Excerpted records section start

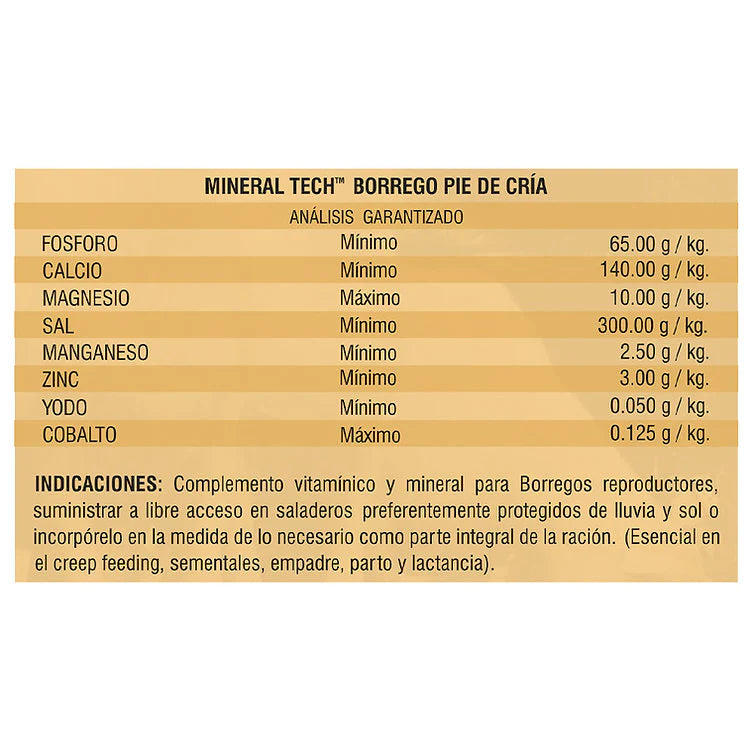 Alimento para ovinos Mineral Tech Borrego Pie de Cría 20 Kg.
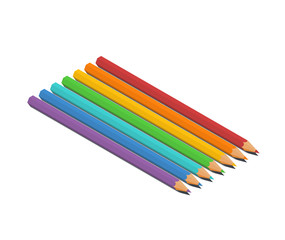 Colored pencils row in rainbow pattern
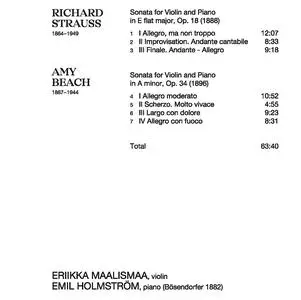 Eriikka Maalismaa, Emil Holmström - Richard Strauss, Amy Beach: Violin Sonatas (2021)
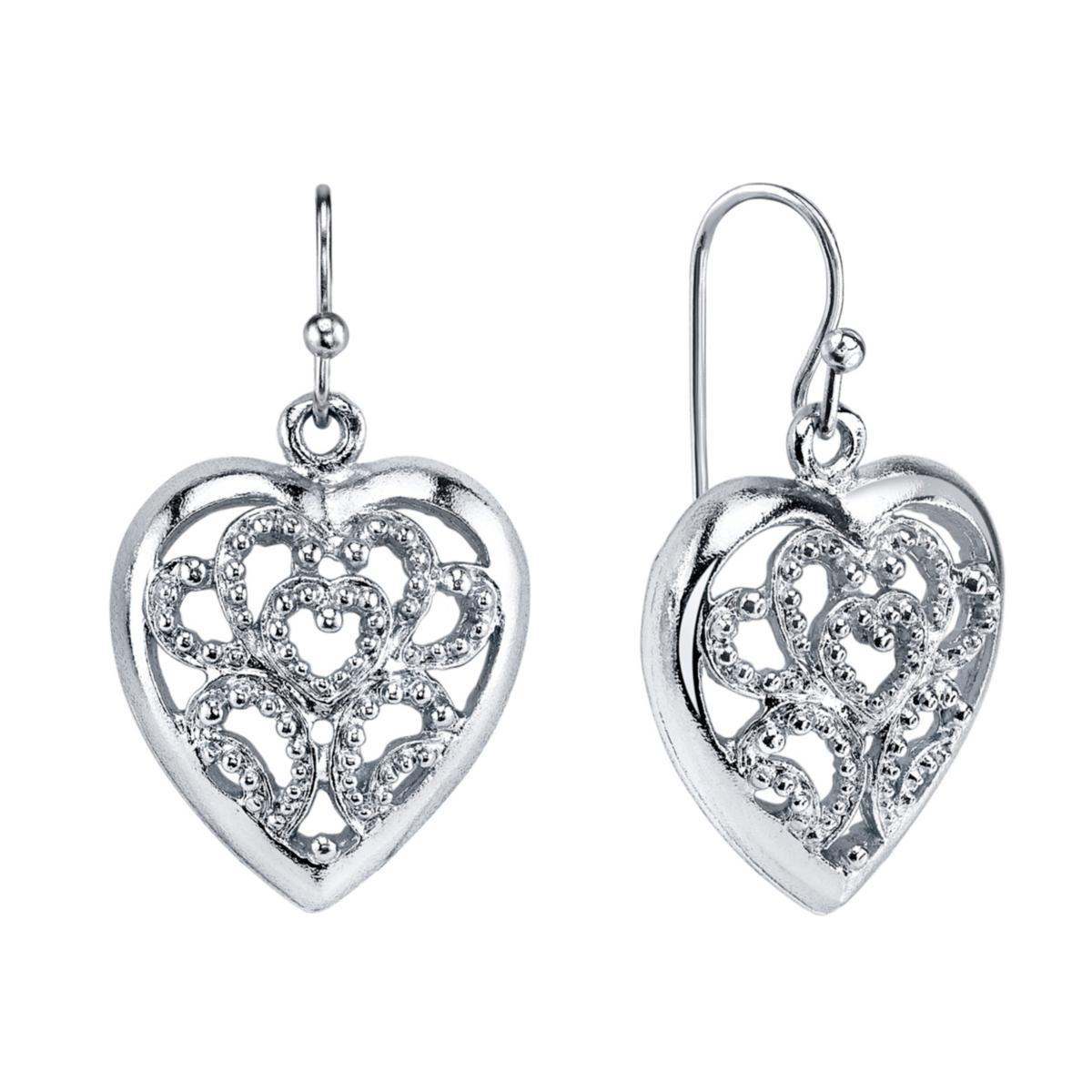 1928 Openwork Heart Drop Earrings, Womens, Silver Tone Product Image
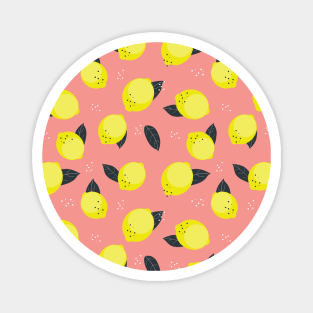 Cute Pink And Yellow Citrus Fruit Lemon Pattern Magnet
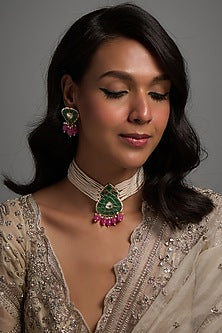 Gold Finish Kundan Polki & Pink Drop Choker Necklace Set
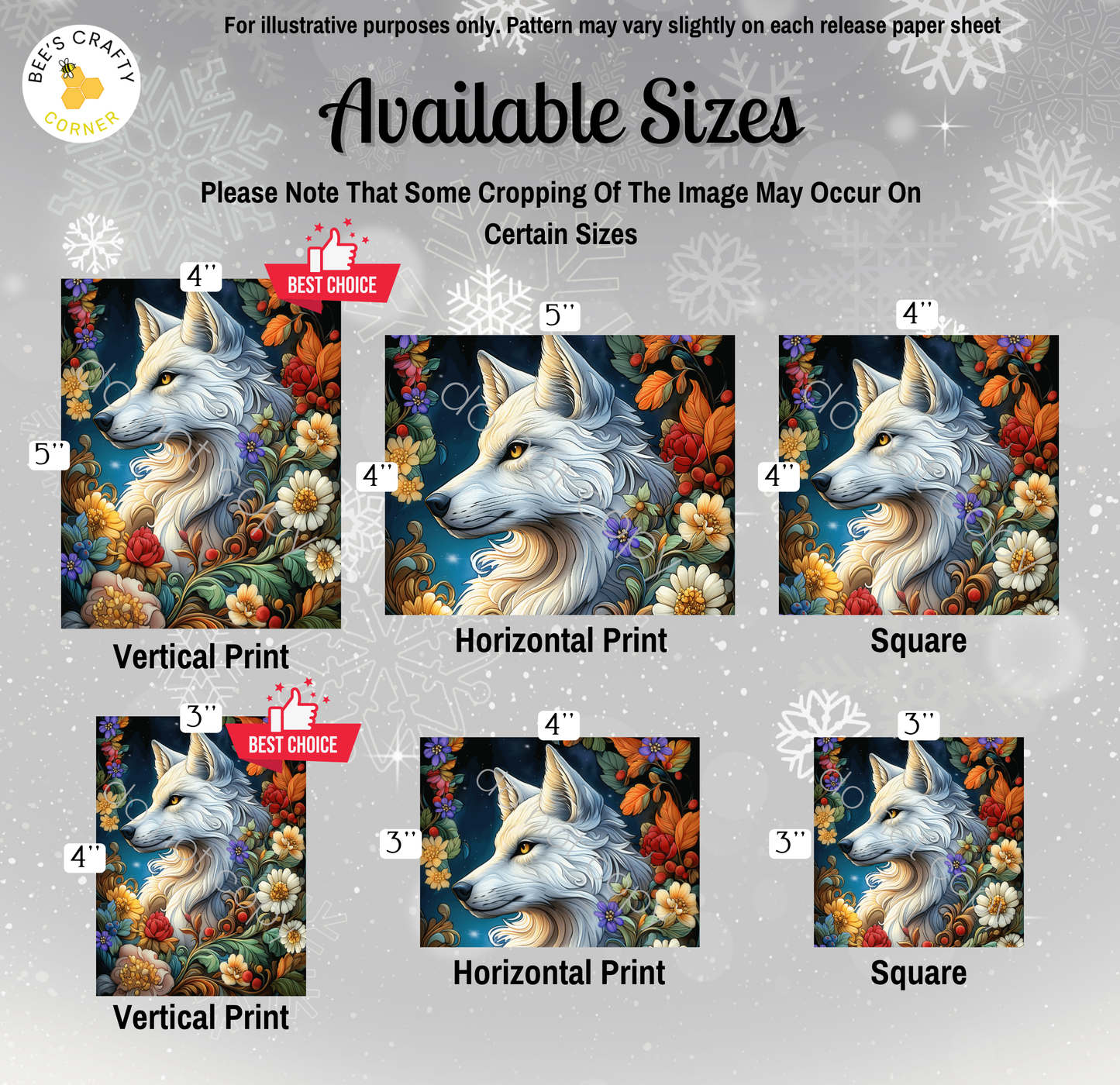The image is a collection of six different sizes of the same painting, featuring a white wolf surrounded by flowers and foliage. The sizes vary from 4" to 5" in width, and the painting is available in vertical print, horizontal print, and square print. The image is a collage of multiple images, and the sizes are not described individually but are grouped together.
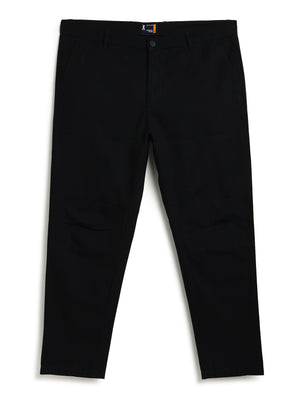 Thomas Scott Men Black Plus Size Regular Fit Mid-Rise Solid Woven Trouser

Excerpted records section end
Excerpted records section start

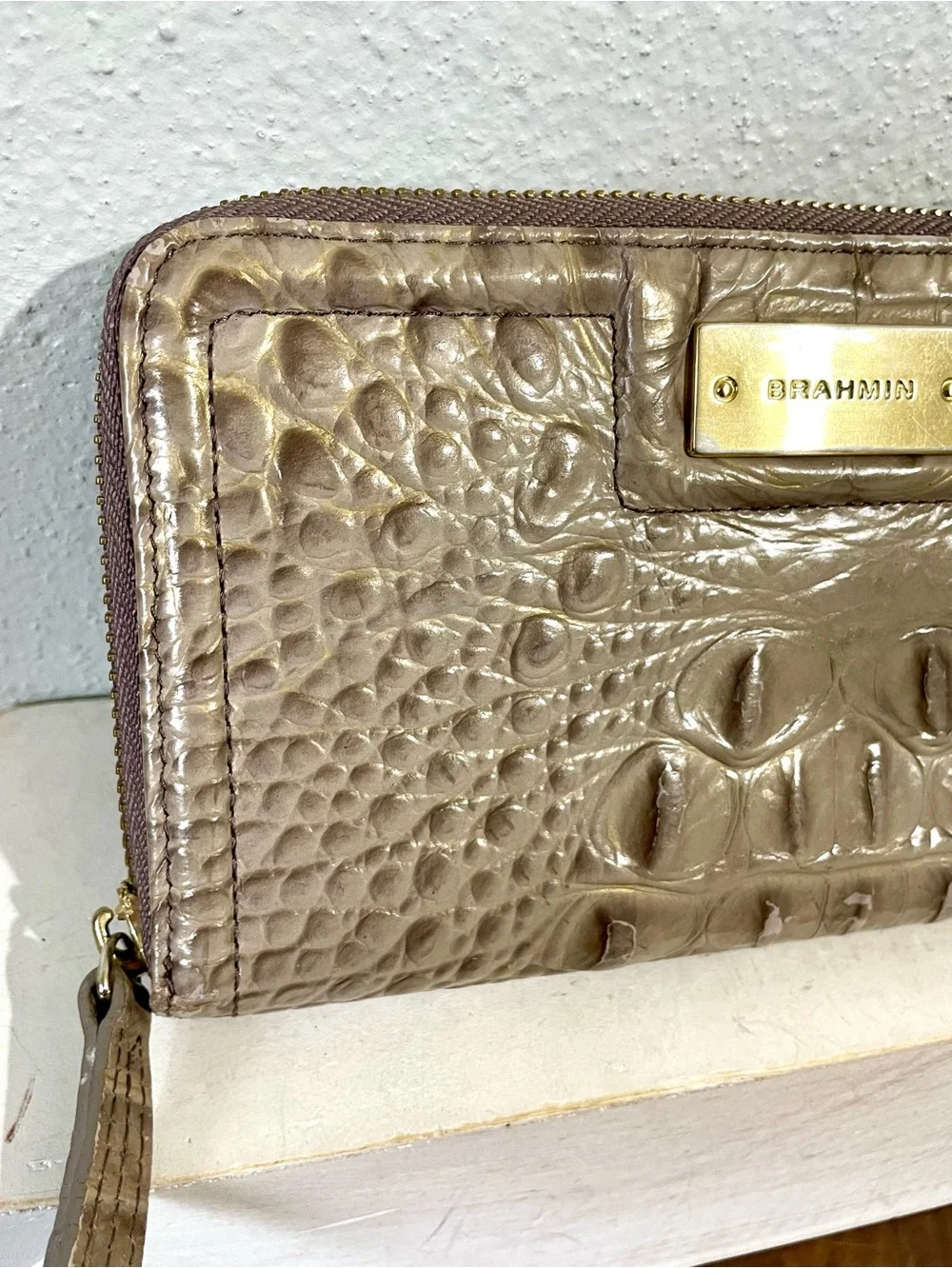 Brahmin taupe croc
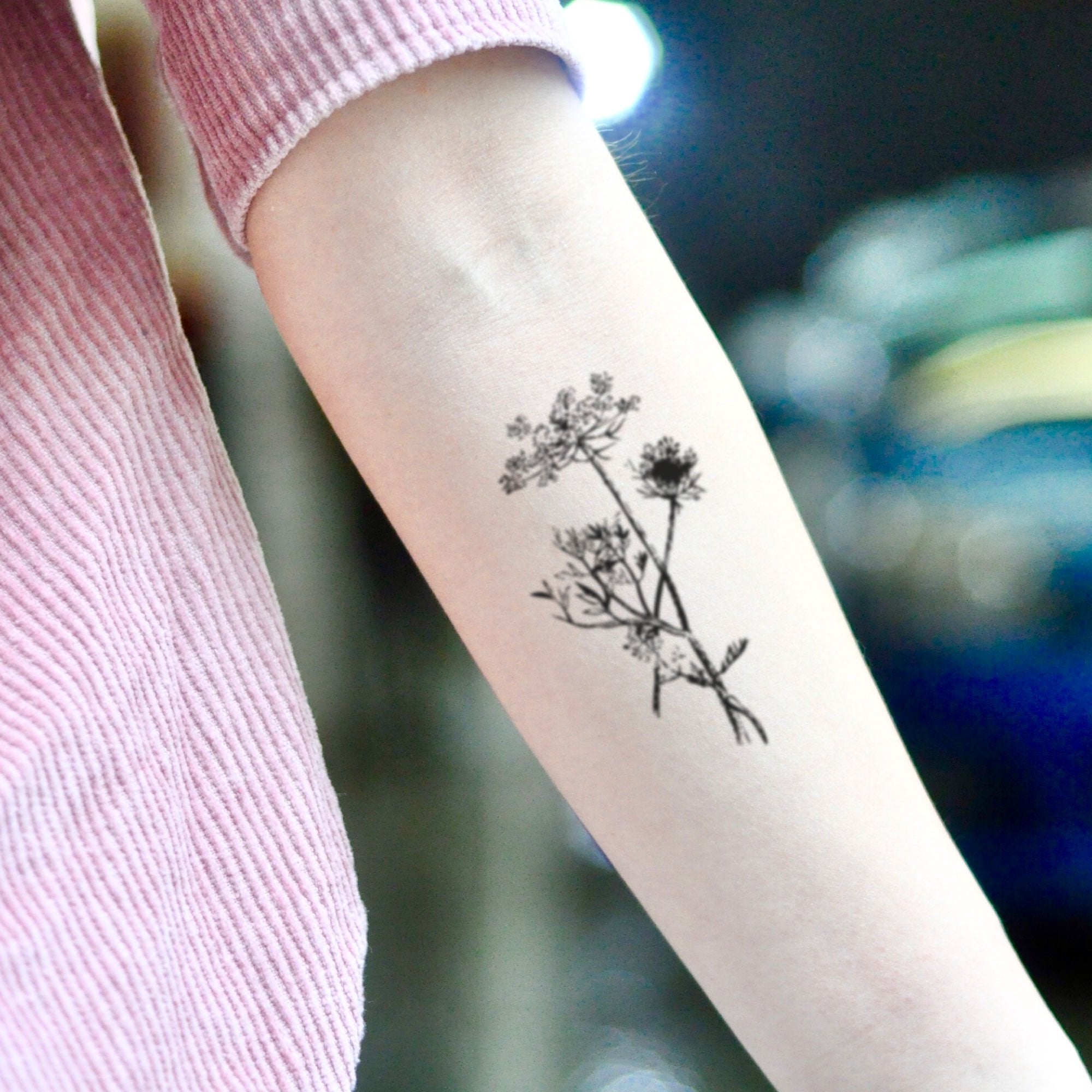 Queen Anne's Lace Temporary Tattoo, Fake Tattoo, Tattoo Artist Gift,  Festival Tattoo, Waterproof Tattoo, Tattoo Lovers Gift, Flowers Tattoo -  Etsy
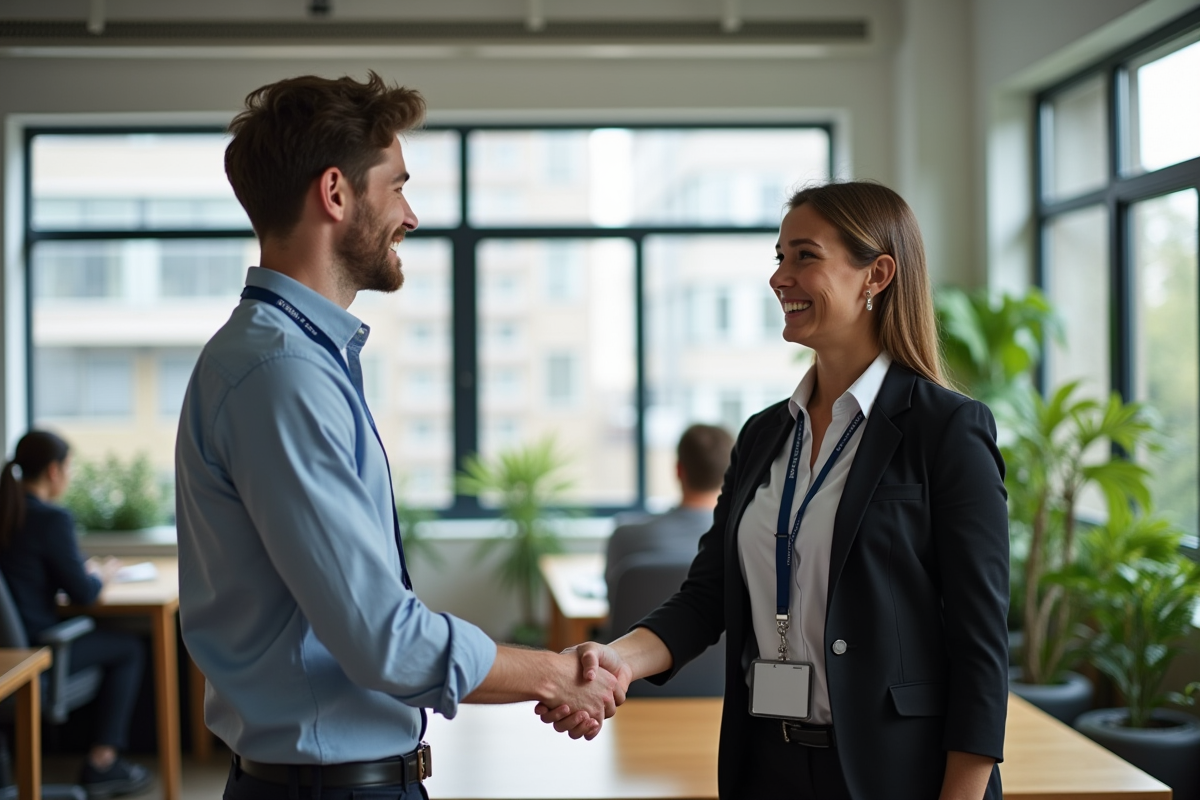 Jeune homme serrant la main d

Excerpted records section end

### Task to complete
Would you copy the lines above exactly, starting with the one that has "Queen Anne's Lace" and ending with the one that has "Jeune homme serrant la main d", both included, without the pictures?

### Solved exercise
 Queen Anne's Lace Temporary Tattoo, Fake Tattoo, Tattoo Artist Gift,  Festival Tattoo, Waterproof Tattoo, Tattoo Lovers Gift, Flowers Tattoo -  Etsy
 Jeune homme serrant la main d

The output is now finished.